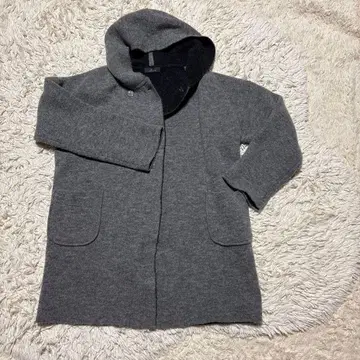 그레이 후드 부착 롱 코트 사이즈 38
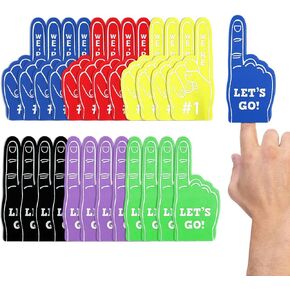24 PCS Mini Foam Fingers ، Eva Foam Finger #1 ، Boam Fingers Bulk ، نحن #1 دعنا نذهب إلى الهتاف ، وإمدادات الحفلات الرياضية لأحداث كرة القدم لكرة السلة للبيسبول ، وأفضل الحفلات الرياضية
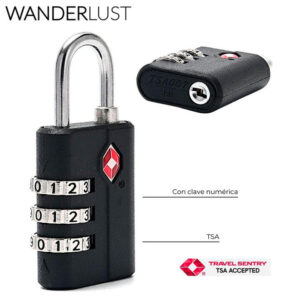 MD38256 - Candado TSA Numèrico de ABS Wanderlust 3x6 Cm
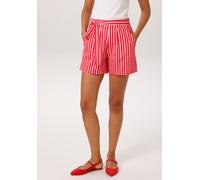 Shorts ANISTON CASUAL, Damen, Gr. 40, N-Gr, rot, rosa, weiß, Web, Obermaterial: 100% Baumwolle, bedruckt, gestreift, figurumspielend kurz, Hosen Shorts, im trendfarbenen Streifen-Dessin - NEUE KOLLEKT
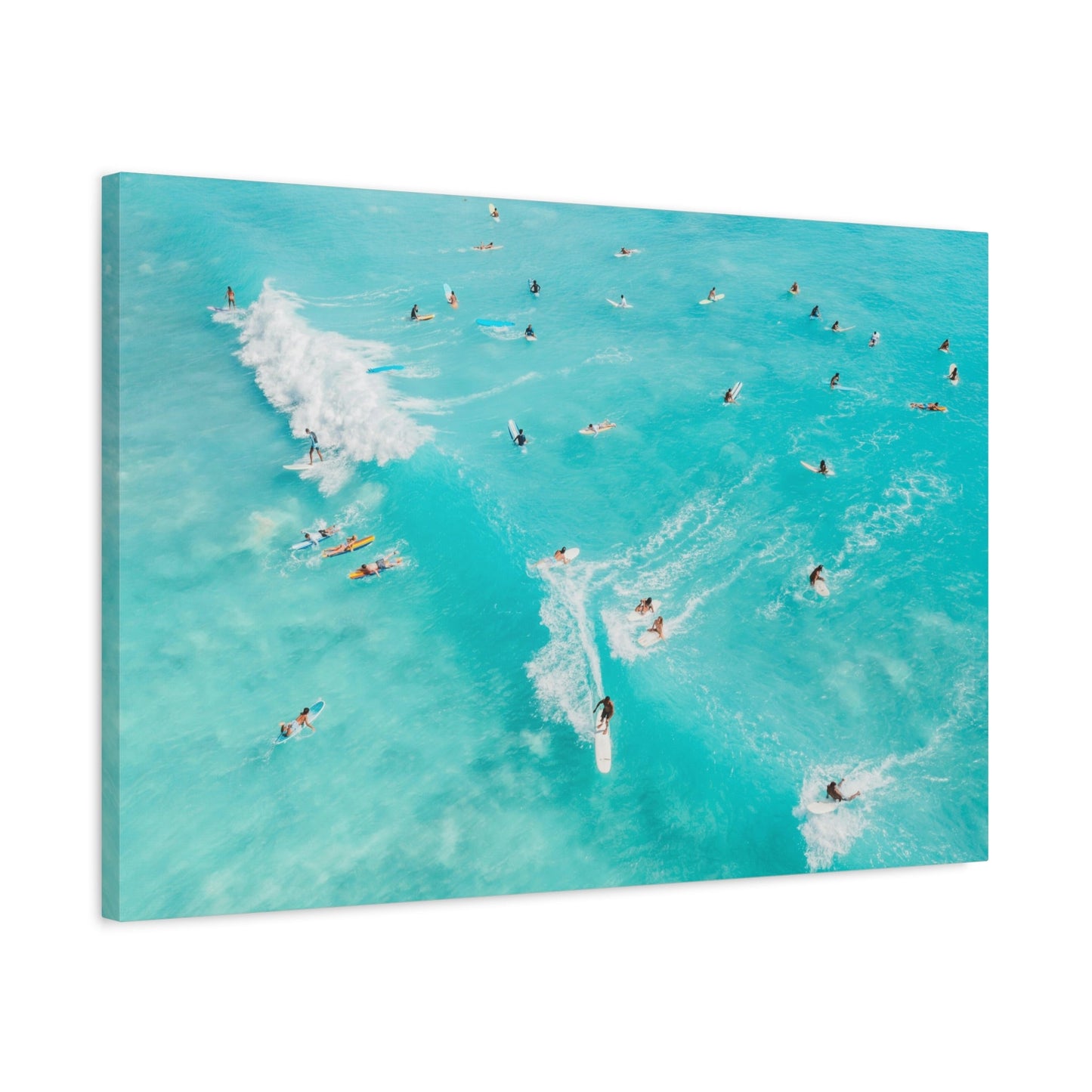 Surf Canvas Print - Aerial Surfers Ocean Wave Boho Large Wall Art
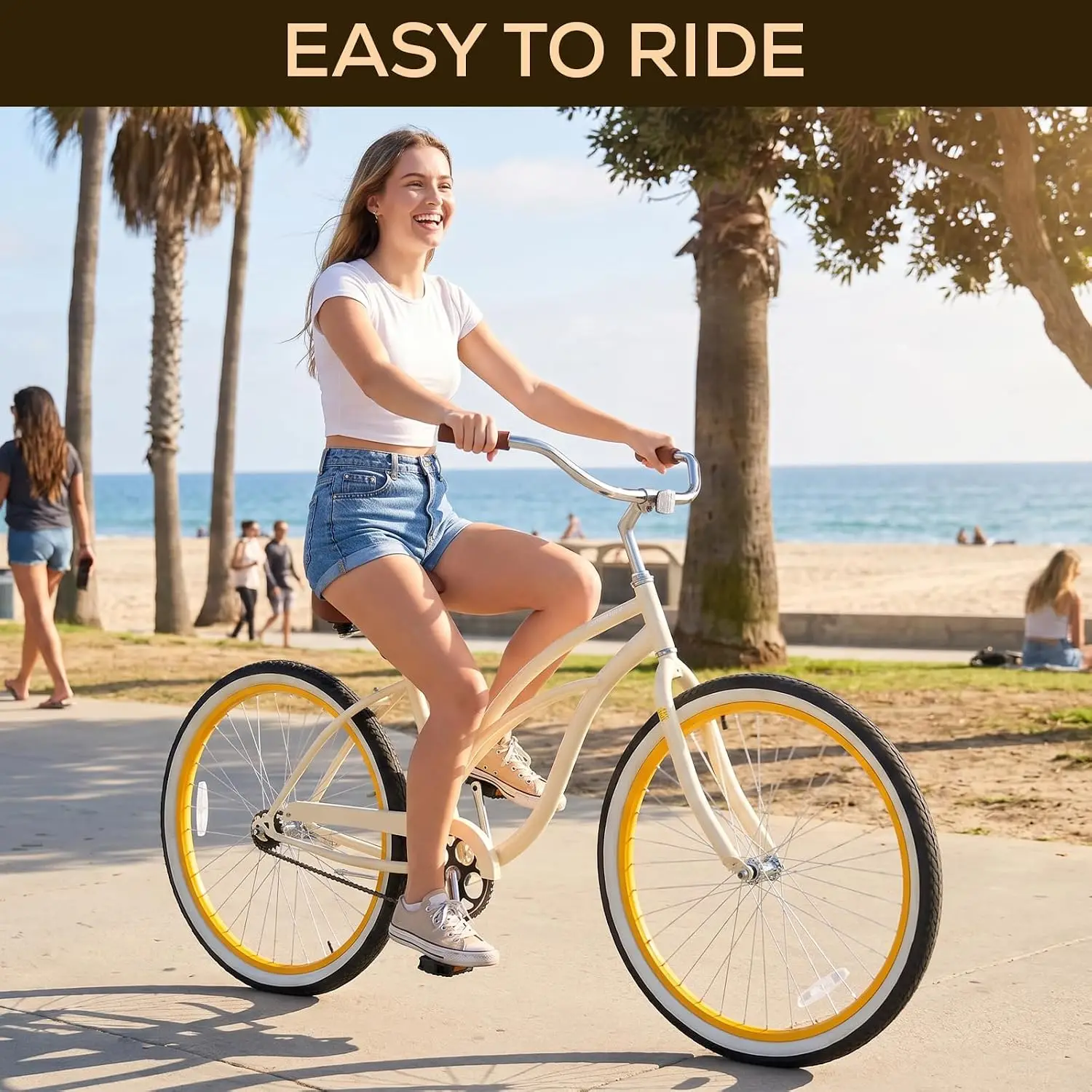 Rider Age 14+ Single Speed with Coaster Brake, Comfortable Seat, Steel Frame for Outdoor Cycling, Multiple Color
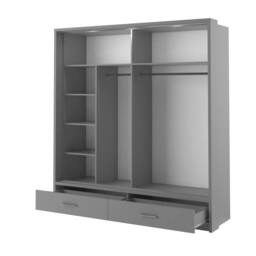 Arti 24 - 2 Sliding Door Wardrobe 200cm - Grey Matt 200cm - thumbnail 8
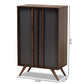 Naoki Modern and Contemporary Two-Tone Grey and Walnut Finished Wood 2-Door Shoe Cabinet FredCo
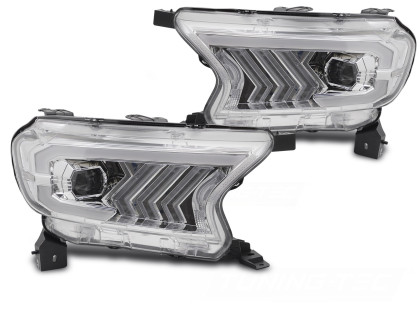 Přední světla s LED pro FORD RANGER V 2016-2022 chrom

★ ★ ★ ★ ★ ★ ★

◆ **Directions**: Reproduce all the data as it stands. The pictures are not part of the copy.

◆ **Answer to this problem**:
 그레이 후드 부착 롱 코트 사이즈 38
24 PCS Mini Foam Fingers ، Eva Foam Finger #1 ، Boam Fingers Bulk ، نحن #1 دعنا نذهب إلى الهتاف ، وإمدادات الحفلات الرياضية لأحداث كرة القدم لكرة السلة للبيسبول ، وأفضل الحفلات الرياضية
 MD38256 - Candado TSA Numèrico de ABS Wanderlust 3x6 Cm
 Shorts ANISTON CASUAL, Damen, Gr. 40, N-Gr, rot, rosa, weiß, Web, Obermaterial: 100% Baumwolle, bedruckt, gestreift, figurumspielend kurz, Hosen Shorts, im trendfarbenen Streifen-Dessin - NEUE KOLLEKT
 Surf Canvas Print - Aerial Surfers Ocean Wave Boho Large Wall Art
 Rider Age 14+ Single Speed with Coaster Brake, Comfortable Seat, Steel Frame for Outdoor Cycling, Multiple Color
 Arti 24 - 2 Sliding Door Wardrobe 200cm - Grey Matt 200cm - thumbnail 8
 Naoki Modern and Contemporary Two-Tone Grey and Walnut Finished Wood 2-Door Shoe Cabinet FredCo
 Přední světla s LED pro FORD RANGER V 2016-2022 chrom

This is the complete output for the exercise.